A empresa individual assim constituída adquire personalidade jurídica, por opção do legislador, com sua inscrição na Junta Comercial do local onde possuir sua sede e, com isso, passa a ter patrimônio próprio, distinto do patrimônio do seu titular, cuja responsabilidade pessoal fica limitada ao montante do capital que a ela for atribuído, até sua completa realização. Uma vez integralizado esse capital, o titular da firma individual não tem mais nenhuma outra obrigação a cumprir perante sua empresa nem para com os credores dela.

As obrigações contraídas pela empresa individual de responsabilidade limitada são de exclusiva responsabilidade dela. Se não possuir patrimônio suficiente para saldá-las, torna-se insolvente e se sujeita ao regime falimentar, respondendo por suas dívidas, exclusivamente, o patrimônio que então tiver, angariado e defasado ao longo de sua existência.

Seu titular só responderá pelas dívidas sociais se ficarem provadas as situações que levam à desconsideração da pessoa jurídica (uso da empresa para fins diversos daqueles que nortearam sua constituição) ou por atos ilícitos que tenha cometido no exercício da administração dela (como o são aqueles que envolvem subtração de recursos superiores aos lucros produzidos, o não recolhimento de valores retidos dos empregados e assim por diante). Embora deva ser assim relativamente a qualquer obrigação que resulte da atuação da empresa individual de responsabilidade limitada, pode-se antever que a Justiça do Trabalho tenderá a ignorar olimpicamente essas disposições da lei civil para atingir o patrimônio pessoal do seu titular na satisfação dos débitos e encargos trabalhistas.

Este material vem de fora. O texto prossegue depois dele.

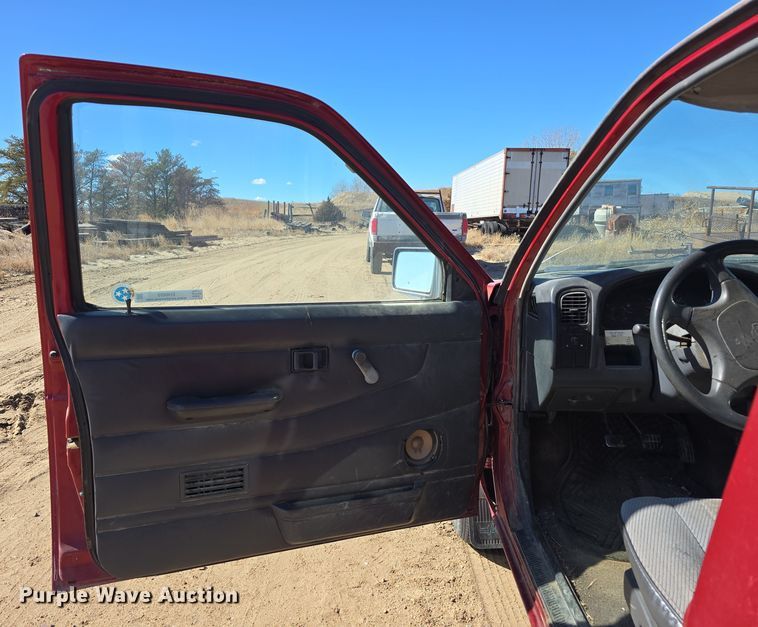 image for item EH8659 1994 Nissan XE King Cab pickup truck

Com a criação desse novo tipo de empresa podem ser evitadas as sociedades fantasmas (ou reduzido seu uso), constituídas, como já dito, por um único sócio, tendo outro ou outros apenas formalmente no papel e com participação exígua em seu capital social.

Há, como em toda lei, várias incongruências, dentre elas a alusão a capital social, quando na verdade, não há capital social, mas capital destinado à formação do patrimônio da empresa individual personificada, ou, ainda, a referência à denominação que não pode ser utilizada por essa figura como nome empresarial e assim por diante. Mas, certamente, ela trará maior tranqüilidade e segurança para os empresários que optarem pelo modelo.

Aliás, se um empresário constituir uma empresa dessa natureza, não pode ter outra semelhante, o que significa que a lei lhe permitiu cindir seu patrimônio para o fim de exercer atividade econômica por uma única vez.